Action item: Say how many lines in the entries below mention "Couple", with no other words.
....................
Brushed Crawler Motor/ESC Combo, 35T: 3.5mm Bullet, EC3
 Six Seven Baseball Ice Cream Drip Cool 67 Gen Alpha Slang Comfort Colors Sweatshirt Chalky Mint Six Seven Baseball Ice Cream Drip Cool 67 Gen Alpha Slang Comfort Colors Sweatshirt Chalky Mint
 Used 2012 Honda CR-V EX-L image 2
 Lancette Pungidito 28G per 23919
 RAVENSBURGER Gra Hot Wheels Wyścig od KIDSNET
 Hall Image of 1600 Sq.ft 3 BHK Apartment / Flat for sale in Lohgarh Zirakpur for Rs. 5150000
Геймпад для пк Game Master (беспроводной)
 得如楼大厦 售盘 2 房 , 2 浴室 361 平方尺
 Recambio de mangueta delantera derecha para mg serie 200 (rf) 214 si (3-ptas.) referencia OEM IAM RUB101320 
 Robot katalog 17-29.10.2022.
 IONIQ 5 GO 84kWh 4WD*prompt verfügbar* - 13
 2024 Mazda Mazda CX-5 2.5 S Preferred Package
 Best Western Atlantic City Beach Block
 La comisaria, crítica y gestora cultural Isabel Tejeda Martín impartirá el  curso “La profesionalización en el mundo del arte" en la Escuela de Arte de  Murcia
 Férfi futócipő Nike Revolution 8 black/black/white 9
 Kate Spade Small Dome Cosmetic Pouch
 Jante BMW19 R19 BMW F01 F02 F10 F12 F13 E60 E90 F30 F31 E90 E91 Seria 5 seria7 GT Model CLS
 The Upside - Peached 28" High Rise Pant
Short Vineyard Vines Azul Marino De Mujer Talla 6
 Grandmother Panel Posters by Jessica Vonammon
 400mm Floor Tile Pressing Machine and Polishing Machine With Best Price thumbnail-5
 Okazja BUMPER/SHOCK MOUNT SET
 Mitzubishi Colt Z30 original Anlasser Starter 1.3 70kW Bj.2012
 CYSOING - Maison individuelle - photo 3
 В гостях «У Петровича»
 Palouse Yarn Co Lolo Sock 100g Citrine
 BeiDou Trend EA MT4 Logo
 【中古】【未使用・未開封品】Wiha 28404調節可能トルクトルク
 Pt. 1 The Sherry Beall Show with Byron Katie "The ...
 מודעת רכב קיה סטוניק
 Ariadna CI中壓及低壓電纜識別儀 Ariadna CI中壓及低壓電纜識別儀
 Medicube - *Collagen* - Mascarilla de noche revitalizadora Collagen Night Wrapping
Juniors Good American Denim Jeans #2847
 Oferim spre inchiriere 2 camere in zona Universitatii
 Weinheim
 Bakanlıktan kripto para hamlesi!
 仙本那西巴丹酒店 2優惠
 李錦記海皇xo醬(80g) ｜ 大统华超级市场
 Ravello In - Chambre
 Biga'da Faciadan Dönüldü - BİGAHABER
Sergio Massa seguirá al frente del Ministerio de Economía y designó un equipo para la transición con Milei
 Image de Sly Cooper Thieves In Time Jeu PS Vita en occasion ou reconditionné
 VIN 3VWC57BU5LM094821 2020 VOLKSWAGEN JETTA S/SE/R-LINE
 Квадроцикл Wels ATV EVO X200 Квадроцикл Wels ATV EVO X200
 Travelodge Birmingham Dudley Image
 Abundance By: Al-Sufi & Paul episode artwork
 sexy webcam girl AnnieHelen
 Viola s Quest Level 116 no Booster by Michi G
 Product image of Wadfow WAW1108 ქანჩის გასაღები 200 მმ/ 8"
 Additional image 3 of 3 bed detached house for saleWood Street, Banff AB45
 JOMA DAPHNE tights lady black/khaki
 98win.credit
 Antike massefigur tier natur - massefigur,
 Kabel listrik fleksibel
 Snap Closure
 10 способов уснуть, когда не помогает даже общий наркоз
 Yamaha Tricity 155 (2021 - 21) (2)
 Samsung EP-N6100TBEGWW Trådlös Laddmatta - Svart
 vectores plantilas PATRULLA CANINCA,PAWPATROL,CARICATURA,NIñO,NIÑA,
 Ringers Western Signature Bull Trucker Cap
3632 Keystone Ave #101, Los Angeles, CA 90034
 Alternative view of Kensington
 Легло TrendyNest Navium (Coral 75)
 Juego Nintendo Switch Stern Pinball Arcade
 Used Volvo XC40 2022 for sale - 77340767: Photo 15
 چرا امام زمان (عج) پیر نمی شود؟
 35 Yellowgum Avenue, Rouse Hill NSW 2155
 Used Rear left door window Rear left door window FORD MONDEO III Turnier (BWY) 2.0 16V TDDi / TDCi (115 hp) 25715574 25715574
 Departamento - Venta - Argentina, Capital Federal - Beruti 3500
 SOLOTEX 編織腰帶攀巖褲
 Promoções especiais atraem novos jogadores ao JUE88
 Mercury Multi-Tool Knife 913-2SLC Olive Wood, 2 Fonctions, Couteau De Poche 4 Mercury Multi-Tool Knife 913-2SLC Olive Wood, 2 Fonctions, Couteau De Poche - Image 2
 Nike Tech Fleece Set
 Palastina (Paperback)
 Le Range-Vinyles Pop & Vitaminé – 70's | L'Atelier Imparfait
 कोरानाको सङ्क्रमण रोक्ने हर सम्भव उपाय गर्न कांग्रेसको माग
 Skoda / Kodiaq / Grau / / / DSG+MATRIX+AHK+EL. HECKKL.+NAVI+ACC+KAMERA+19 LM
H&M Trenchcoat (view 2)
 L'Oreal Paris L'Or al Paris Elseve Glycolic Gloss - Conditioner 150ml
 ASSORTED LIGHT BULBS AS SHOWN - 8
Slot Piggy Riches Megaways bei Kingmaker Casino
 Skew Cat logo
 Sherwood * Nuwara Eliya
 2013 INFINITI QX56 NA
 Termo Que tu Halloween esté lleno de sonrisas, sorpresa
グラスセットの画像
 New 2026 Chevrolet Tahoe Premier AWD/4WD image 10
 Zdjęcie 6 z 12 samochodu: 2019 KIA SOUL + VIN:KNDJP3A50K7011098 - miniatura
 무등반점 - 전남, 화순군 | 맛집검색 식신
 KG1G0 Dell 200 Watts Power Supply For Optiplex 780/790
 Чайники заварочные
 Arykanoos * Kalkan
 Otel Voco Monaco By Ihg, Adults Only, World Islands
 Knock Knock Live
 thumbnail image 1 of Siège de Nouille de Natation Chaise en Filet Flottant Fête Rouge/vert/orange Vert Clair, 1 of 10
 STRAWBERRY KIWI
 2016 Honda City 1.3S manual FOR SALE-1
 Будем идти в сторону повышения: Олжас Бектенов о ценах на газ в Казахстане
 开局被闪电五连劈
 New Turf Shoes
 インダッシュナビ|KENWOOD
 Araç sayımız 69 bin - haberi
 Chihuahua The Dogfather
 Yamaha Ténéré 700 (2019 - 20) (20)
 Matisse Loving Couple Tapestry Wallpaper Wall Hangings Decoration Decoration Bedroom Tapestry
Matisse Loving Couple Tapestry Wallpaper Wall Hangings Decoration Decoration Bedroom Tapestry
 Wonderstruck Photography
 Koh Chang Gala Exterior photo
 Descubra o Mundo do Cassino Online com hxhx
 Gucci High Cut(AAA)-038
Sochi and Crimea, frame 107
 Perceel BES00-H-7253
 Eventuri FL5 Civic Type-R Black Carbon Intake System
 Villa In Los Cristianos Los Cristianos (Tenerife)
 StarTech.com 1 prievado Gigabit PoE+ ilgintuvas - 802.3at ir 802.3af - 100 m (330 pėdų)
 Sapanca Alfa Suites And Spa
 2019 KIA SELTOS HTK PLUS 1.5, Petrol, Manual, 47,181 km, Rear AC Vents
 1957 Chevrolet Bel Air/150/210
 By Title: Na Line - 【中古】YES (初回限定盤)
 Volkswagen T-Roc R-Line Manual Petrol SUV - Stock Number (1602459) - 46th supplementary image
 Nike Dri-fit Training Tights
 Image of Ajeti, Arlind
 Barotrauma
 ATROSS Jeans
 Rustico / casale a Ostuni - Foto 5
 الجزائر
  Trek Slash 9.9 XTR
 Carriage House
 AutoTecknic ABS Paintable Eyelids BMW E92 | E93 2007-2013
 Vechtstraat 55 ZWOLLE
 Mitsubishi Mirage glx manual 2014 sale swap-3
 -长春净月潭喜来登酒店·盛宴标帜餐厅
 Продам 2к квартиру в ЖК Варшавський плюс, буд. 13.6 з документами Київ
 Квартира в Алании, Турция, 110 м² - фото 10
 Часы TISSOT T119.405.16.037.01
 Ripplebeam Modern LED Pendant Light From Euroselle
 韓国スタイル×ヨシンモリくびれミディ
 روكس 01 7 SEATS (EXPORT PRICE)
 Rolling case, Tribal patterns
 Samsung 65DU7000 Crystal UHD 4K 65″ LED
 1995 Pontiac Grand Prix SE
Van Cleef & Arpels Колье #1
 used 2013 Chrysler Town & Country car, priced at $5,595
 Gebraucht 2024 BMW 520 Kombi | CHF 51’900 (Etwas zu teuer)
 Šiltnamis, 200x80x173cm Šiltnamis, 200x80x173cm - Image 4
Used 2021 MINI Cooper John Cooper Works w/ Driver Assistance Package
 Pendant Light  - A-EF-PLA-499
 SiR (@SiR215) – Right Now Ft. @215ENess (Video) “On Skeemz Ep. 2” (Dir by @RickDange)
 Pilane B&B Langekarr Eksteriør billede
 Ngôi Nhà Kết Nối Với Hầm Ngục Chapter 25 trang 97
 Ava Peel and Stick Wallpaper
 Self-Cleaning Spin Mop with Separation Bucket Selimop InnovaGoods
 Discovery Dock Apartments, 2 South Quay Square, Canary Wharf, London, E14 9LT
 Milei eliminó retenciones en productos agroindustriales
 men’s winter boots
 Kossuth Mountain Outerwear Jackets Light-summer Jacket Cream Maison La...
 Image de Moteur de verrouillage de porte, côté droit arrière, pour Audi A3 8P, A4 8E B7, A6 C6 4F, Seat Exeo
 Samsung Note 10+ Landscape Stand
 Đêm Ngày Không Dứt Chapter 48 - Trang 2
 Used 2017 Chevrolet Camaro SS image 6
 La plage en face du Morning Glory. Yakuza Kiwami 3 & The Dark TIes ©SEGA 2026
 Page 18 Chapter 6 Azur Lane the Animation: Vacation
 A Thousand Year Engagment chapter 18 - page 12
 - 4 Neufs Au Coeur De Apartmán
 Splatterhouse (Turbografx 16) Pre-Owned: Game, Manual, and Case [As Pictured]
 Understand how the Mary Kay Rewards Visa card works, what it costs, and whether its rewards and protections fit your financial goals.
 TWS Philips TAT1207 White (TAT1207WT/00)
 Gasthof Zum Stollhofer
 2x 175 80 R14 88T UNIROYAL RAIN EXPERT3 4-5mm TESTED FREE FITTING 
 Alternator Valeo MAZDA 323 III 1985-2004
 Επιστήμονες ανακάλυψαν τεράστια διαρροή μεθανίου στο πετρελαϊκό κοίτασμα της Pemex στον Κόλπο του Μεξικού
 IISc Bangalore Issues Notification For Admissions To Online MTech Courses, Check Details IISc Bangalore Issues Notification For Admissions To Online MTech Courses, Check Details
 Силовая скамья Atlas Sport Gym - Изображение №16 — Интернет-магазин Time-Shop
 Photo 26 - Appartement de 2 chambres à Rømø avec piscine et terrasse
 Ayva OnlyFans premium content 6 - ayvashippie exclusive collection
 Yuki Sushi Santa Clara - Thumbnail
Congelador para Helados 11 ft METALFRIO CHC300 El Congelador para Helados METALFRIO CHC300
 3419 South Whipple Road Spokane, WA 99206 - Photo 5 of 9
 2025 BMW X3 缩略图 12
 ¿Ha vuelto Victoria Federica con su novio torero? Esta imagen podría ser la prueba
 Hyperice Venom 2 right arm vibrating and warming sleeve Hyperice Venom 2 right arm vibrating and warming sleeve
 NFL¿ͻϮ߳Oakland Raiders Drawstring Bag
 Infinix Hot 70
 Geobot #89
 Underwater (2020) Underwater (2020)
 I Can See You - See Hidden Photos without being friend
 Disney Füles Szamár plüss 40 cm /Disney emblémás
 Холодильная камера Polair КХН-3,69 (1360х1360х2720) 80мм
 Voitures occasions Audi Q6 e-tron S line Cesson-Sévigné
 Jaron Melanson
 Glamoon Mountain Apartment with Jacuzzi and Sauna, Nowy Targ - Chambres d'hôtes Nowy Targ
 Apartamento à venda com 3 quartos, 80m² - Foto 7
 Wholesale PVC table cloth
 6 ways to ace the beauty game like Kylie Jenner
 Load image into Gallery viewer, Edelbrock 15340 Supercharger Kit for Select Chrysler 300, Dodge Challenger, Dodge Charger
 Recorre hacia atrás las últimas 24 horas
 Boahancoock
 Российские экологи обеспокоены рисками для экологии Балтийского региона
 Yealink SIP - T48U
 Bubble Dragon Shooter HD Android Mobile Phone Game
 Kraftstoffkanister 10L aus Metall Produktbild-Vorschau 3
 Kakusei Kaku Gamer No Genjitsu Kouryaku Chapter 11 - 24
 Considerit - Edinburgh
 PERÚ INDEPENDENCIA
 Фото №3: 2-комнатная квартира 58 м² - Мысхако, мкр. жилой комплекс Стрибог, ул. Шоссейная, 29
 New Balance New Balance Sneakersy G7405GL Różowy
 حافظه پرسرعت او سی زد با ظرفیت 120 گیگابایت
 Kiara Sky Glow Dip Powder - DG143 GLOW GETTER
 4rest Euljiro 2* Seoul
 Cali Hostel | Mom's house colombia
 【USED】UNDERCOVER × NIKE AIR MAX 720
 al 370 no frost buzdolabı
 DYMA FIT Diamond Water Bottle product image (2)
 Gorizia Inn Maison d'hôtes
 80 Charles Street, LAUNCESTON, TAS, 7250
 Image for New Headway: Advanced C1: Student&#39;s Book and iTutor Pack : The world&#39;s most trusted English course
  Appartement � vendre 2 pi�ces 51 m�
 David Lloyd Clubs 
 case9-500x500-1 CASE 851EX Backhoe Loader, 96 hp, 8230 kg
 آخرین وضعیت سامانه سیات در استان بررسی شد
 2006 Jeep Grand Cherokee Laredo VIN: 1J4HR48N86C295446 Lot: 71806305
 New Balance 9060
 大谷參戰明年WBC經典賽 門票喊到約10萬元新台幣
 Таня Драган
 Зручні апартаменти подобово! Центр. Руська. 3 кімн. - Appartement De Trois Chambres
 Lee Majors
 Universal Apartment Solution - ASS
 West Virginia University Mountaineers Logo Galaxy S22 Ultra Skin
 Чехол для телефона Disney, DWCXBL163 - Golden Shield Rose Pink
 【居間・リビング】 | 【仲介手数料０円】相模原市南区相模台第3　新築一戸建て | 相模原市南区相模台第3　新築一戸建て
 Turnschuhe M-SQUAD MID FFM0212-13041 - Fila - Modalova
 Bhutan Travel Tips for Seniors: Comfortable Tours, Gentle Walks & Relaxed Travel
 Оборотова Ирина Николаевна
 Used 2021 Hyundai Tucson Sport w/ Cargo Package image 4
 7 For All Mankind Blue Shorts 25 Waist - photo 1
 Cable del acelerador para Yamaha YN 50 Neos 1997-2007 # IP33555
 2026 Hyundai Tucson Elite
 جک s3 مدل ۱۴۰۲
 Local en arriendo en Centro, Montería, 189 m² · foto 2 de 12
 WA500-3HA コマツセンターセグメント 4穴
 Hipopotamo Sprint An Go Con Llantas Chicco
....................
Response area: 2